Arrach (Bayern), im Dezember

Unter den Schneeschuhaktiven bin ich ein Philister, im weißen Kanaan der Skigelegenheiten ein lächerlicher, engherziger, unbeschwingter Mensch. Die Piste nimmt mich nicht auf (für Fußgänger und Tiere Zutritt verboten, heißt es auf Schildern). Die gute Gesellschaft der stemmenden und wedelnden, slalombeflügelten, schußfahrtdynamischen Urlaubselite weist mir Flanke und Rücken. In meinem Fall kommt noch straferschwerend hinzu, daß ich das Hochgebirge, unsere Alpen, auch im Sommer nicht mag. Sie sind mir zu heroisch. Zu angeberisch. Und da ich – selbstverständlich – nicht schwindelfrei bin, kann ich den Anblick steil herniederstürzender Wände und Schroffen, den Hort der Lawinengefahr, aus gar keiner Perspektive ertragen. Und wenn der Winter sein von den Dichtern mit Recht so apostrophiertes Leichentuch über die hohe Bergnatur breitet, dann dünkt sie mir doppelt gespenstisch.

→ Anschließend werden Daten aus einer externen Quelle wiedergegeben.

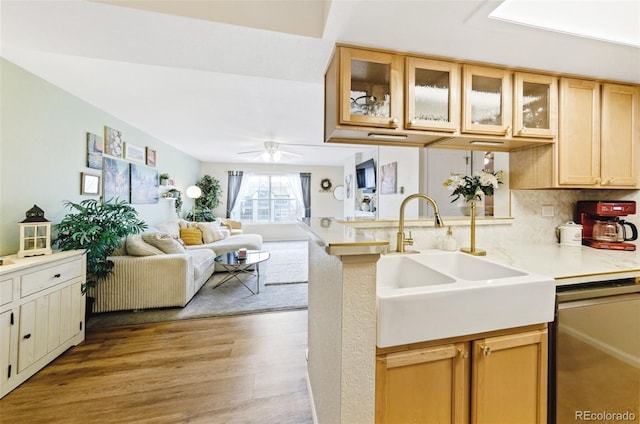 kitchen featuring light countertops, glass insert cabinets, open floor plan, a sink, and dishwasher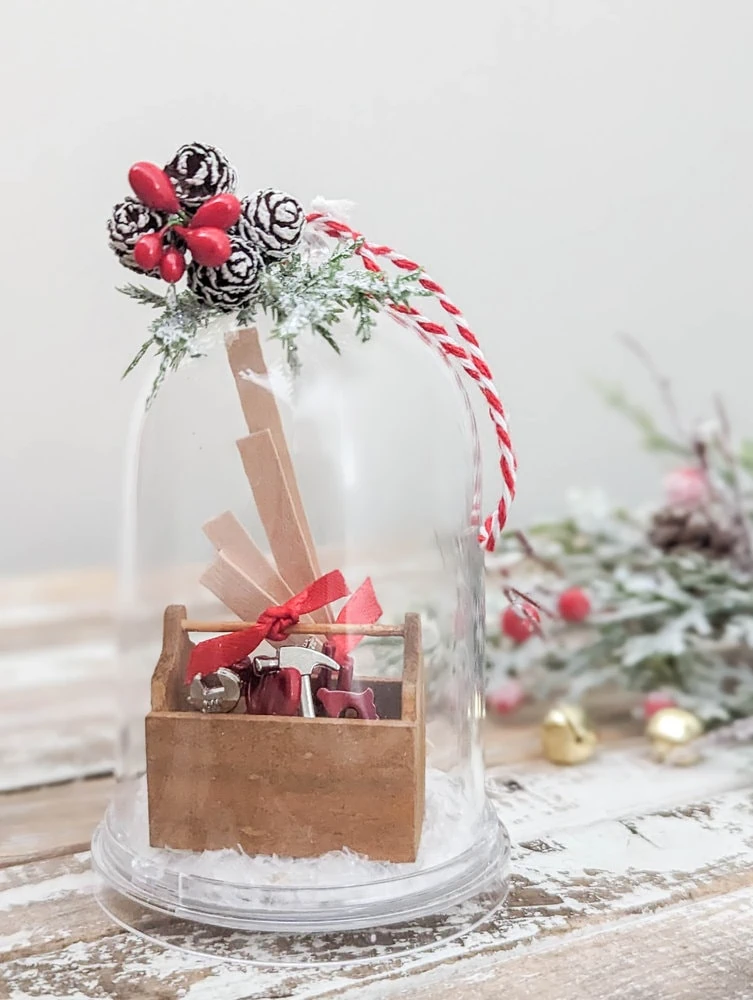 diy snow globe ornament with tiny toolbox inside.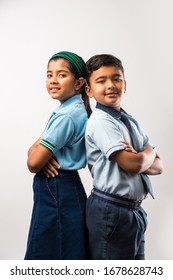 Cheerful Indian School Kids In Uniform Standing Isolated Over White Background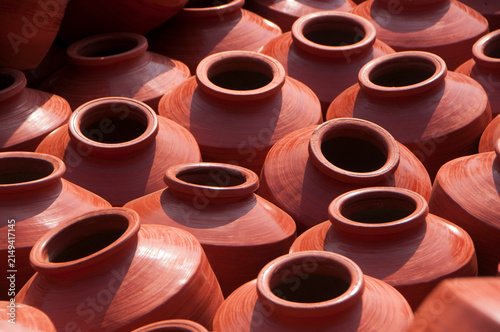 Photography Earthen pot being made using potter's wheel, India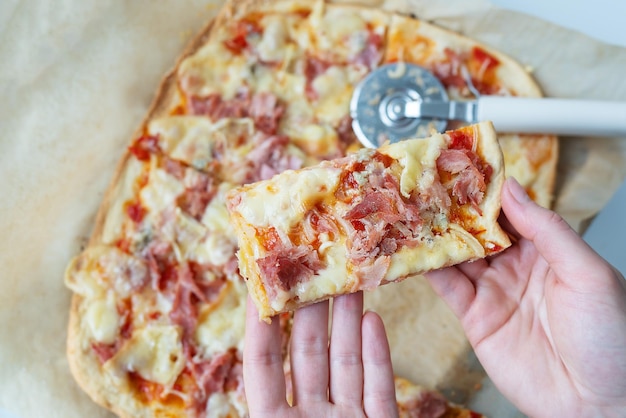 Délicieuse tranche de pizza juteuse avec jambon oignon et fromage Couteau à pizza sur le fond Cuisson de la pizza à la maison la jeune fille tient un morceau de pizza dans ses mains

Habe ich überhaupt eine Chance, das, was jene Bevorzugten (ich aber sage: die Tollen) das große Winterglück nennen, auf meine Art mitzugenießen?

Ich würde an den Ressentiments, die diese Frage im Innersten aufwühlt, ersticken, wüßte ich nicht eine positive Antwort darauf: „Ich gehe jeden Winter in den Bayerischen Wald.“ Der Empfänger dieser Mitteilung, wir wollen meinen, ein höflicher Mensch, wird erwidern: „Das finde ich ganz ausgezeichnet. Da soll es ja auch noch nicht so voll sein, und die Abfahrt am Arber ist, wie man hört...“ Meine Antwort: „Ich fahre nicht ab.“

Ich habe mein weißes Paradies an einem Flecken gefunden, der vor wintersportlichem Umtrieb (und deshalb der großen Touristenparade) noch unberührt, ein tiefverschneites Idyll und, in der kalten Jahreszeit zumindest, im liebenswürdigsten Sinne hinterwäldlerisch ist. Kein Skilift baggert dort Scharen sportlich gekleideter Leiber zum windigen Sausevergnügen hinauf. Und die Autostraße endet vor dem behaglichen Wirtshaus, dessen Herrin – in einer Landschaft zumal, deren Reize allgemein nicht im kulinarisch Gastronomischen liegen – auch ihrer Küche wegen gar nicht genug gelobt werden kann. Da dieses Haus, ein alter Waldbauernhof, bis heute noch ohne Nachbarschaft ist, läuft sein Liebhaber keine Gefahr, das stille Tal seiner Winterspiele durch Herumrederei zur Attraktion für Salontouristen zu machen. So sag’ ich’s denn: Gasthof Eschlsaign.

Ein Fußgänger erreicht den Ort von der Kleinbahnstation Arrach zwischen Kötzting und Lara (dies sind wohl Namen, die nur den Eingeweihten des Waldes Vorstellbares besagen) auch bei glattem Schnee in eineinhalb Stunden. Er kommt dann in ein weit geöffnetes Hochtal, dessen Hänge nach zwei Seiten hin den Blick auf entfernte Gebirgszüge und Niederungen freigeben. Steil aufsteigend erhebt sich über diesem Tal der etwa tausend Meter hohe Kamm des Kaitersberges mit dem Riedelstein, auf dessen Gipfel die Wälder ihrem Heimatdichter Schmidt, genannt Waldschmidt, ein Denkmal erbaut haben.

Was wäre zu berichten von meiner philisterhaften Freude an diesem verschneiten Idyll: Daß es mich entzückt, mit schweren Schuhen durch das jungfräuliche Weiß zu stapfen, unter dessen Last die Zweige der schlanken und hohen Tannenbäume sich senken, daß es mir ein sanftes Vergnügen bereitet, dem Getümmel der Welt, zu dem auch. die Pisten der skifahrenden Motorsportler zählen, bei räumlich geringer Distanz hier so fern zu sein. Ich erwähne auch die farbigen Schatten, die, wenn die Wintersonne hinter den Höhen des alten Gebirges sich, in den Abend senkt, über die glitzernde Fläche zauberisch gaukein. Solist unter Solisten – so erfreue ich mich des Abends am Kachelofen mit sattem Behagen jener geselligen Lüste, die der Tod der Konversation sind: Kartenspiel und starkes Getränk.